What to work on: Leaving the images aside, transcribe all the data below exactly.
── Data segment
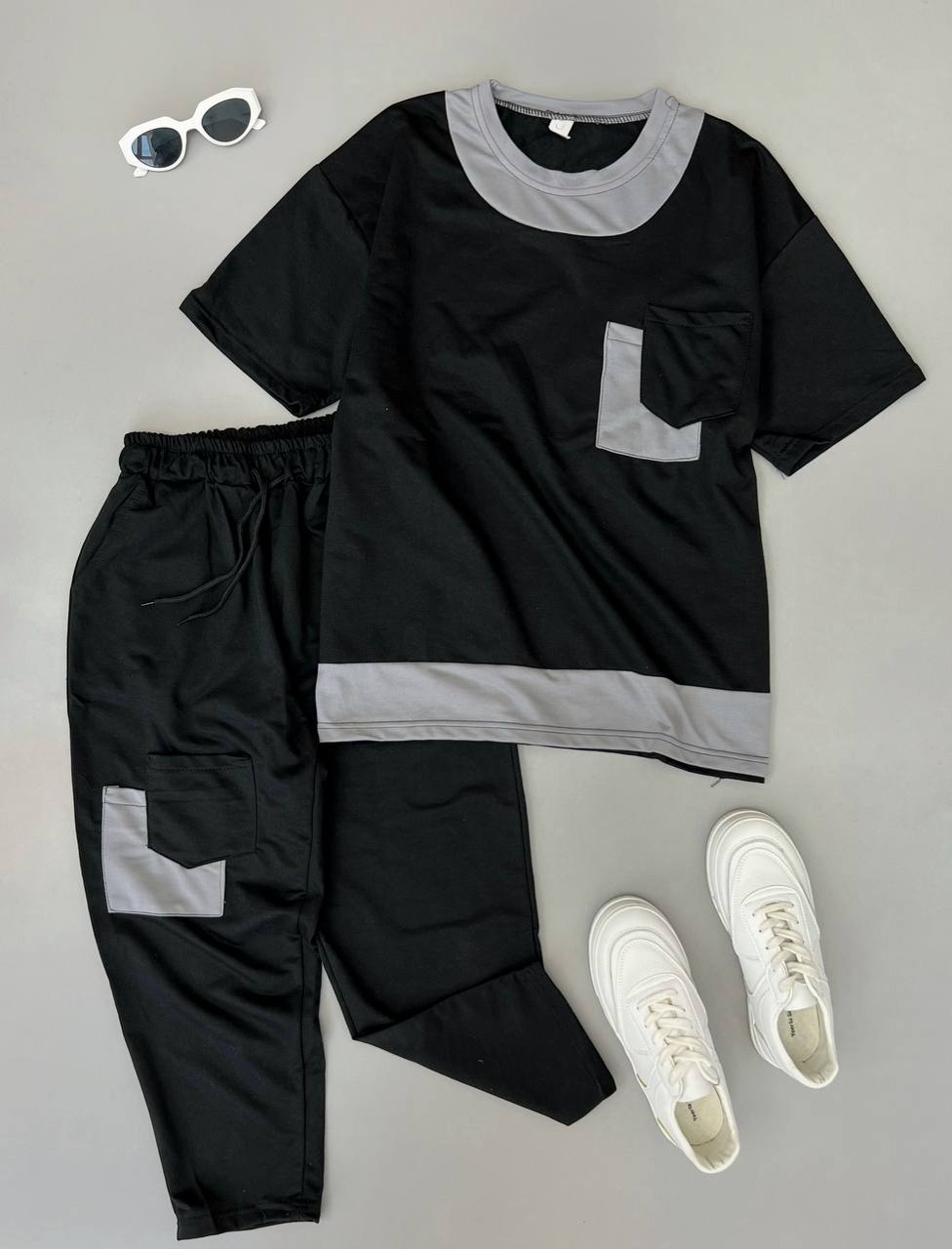 ست تیشرت و شلوارک کد 3793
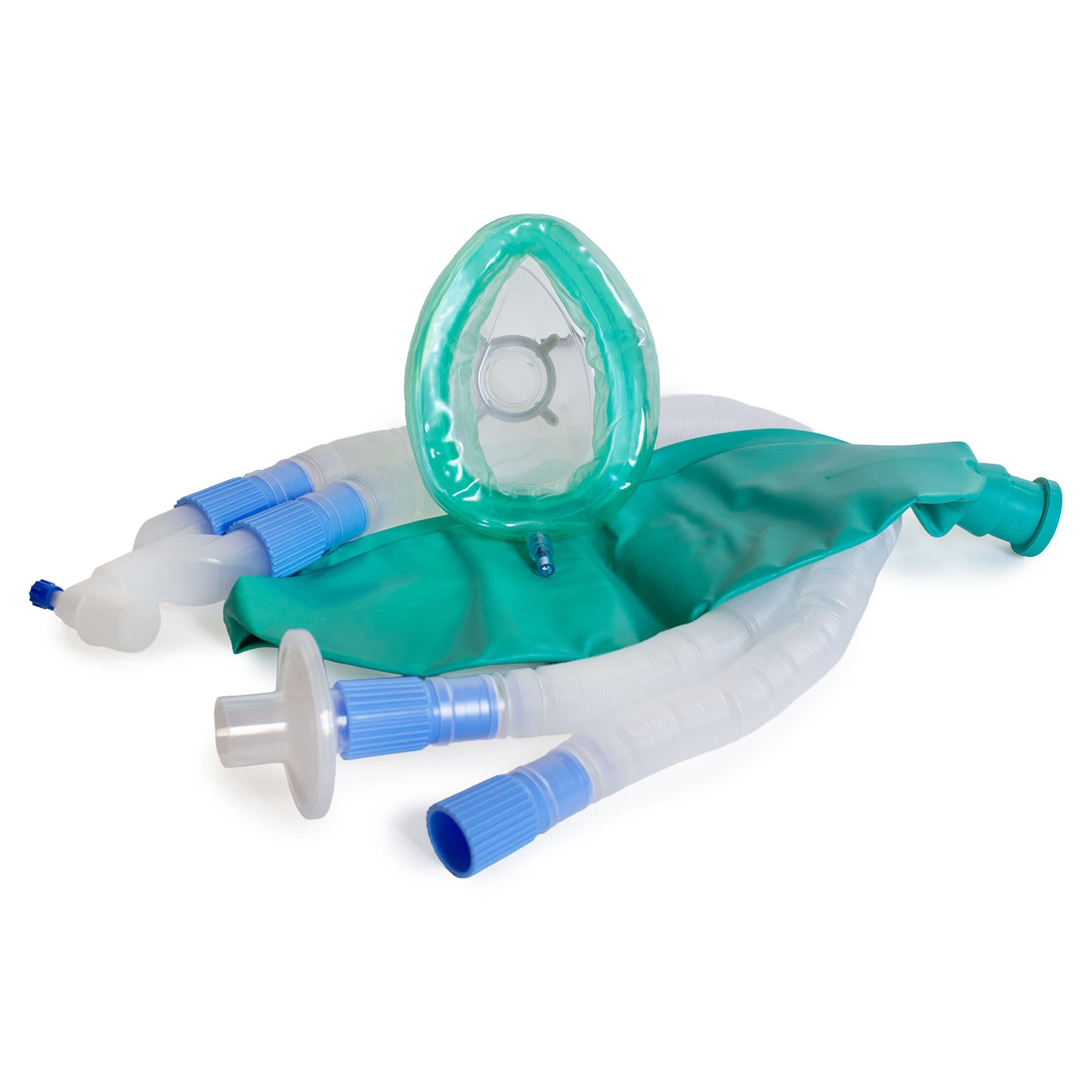 McKesson Anesthesia Breathing Circuit with Large Mask, Adult, 72 Inch Tube Length - Image 1
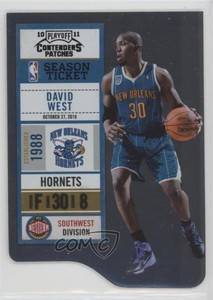 2010-11 Playoff Contenders Patches Black Die-Cut /49 David West #47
────
Result for this exercise:
 ست تیشرت و شلوارک کد 3793
 McKesson Anesthesia Breathing Circuit with Large Mask, Adult, 72 Inch Tube Length - Image 1
 2010-11 Playoff Contenders Patches Black Die-Cut /49 David West #47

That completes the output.